I began independently consulting with a company for the first time ever late in 2019. Joining a team as a consultant has a very different vibe than as a full-time employee. When I have joined teams in the past, it is with the expectation that changes I make to the code base or to the processes of the team will be my responsibility for some number of years to come. This means that I have some skin in the game and it brings validity to my suggestions. As a consultant, I found it awkward to make suggestions on how the team might function or how certain pieces of code could be structured in the long-term. My role as a consultant here was to implement new functionality for the project, so I still believe it was the right decision to not try to impact processes of the team. However, I did still have to get over the sensation in regards to code, as there was no way around me defining certain pieces of infrastructure design into the exisitng systems that would be around after I finished my contract.
The other challenging part of consulting was prioritizing my time between jobs and maintaining a work-life balance. I didn’t really enjoy this part of it. I was consulting with two companies, so I balanced times working for each group based on scheduled meetings with each group or when certain teammates might be online. It also felt odd to be to be working on billable hours, since in the past I have often gotten lost exploring something for work while watching TV, but those aren’t really billable hours since I’m not giving it my full attention.
Consulting was great as it allowed me to work on new projects and try out some new things. However, I much prefer working full-time at a small company, whose product I find interesting and that will allow me the flexibility to work from where I want and when I want to maximize my efficiency and work-life balance. Finding a company like this means I get many of benefits of consulting, without the pressuring of managing my own time, charging billable hours, or finding the next opportunity.
Moving on to Something New
Finally, I am closing out the year leaving my current role at Quartzy. I have been with Quartzy for three and a half years, and it has been an amazing experience.

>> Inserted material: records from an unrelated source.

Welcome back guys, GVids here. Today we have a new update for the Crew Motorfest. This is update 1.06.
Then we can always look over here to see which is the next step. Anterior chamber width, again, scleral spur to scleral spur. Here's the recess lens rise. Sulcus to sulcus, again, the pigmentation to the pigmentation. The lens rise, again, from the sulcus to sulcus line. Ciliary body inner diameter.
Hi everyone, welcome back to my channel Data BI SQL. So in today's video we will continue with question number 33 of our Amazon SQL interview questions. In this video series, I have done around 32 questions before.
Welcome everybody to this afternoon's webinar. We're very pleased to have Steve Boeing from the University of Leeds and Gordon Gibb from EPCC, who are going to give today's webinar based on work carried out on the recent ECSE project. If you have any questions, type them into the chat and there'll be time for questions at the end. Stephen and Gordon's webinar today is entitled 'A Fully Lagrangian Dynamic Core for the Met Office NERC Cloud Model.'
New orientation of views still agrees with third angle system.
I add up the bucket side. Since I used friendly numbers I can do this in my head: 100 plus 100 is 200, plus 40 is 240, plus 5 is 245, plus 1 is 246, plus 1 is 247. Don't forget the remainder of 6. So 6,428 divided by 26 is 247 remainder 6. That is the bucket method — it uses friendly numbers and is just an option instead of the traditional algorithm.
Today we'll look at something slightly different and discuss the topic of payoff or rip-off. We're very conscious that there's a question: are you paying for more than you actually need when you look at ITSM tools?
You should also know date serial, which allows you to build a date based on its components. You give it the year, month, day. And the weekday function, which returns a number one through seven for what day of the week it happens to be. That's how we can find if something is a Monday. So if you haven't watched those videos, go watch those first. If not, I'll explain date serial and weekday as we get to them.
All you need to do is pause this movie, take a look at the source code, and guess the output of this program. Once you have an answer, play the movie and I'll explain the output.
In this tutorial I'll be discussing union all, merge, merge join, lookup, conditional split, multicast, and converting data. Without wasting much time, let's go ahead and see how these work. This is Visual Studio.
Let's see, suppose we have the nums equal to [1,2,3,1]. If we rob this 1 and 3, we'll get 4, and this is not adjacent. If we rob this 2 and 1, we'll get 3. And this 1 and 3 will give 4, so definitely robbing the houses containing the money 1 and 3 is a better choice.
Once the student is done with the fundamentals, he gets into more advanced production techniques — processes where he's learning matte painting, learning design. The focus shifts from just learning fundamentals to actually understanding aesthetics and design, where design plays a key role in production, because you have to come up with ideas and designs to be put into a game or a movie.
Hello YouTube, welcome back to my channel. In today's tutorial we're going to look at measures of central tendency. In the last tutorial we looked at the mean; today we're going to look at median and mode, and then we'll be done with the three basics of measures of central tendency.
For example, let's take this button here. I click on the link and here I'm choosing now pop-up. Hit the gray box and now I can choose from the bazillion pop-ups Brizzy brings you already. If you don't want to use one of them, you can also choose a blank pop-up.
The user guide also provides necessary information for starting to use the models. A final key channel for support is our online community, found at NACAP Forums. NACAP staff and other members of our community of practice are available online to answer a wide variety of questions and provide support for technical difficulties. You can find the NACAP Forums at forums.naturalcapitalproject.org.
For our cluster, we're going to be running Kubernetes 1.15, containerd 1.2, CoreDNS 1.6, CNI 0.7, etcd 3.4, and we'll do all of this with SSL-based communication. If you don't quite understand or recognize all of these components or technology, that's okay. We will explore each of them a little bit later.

I might create a separate post of my experiences with the team and everything I was able to learn in my time with them. For now, I believe it is enough to say that my time with Quartzy has had a significant impact on where I am in my career as a developer, and I will never forget the amazing team I worked with there.
I will be taking on a new role at the start of 2020, that I may cover at a later time. I am excited to bring everything I experienced and learned at Quartzy to a new team and domain and see what is in store for me next.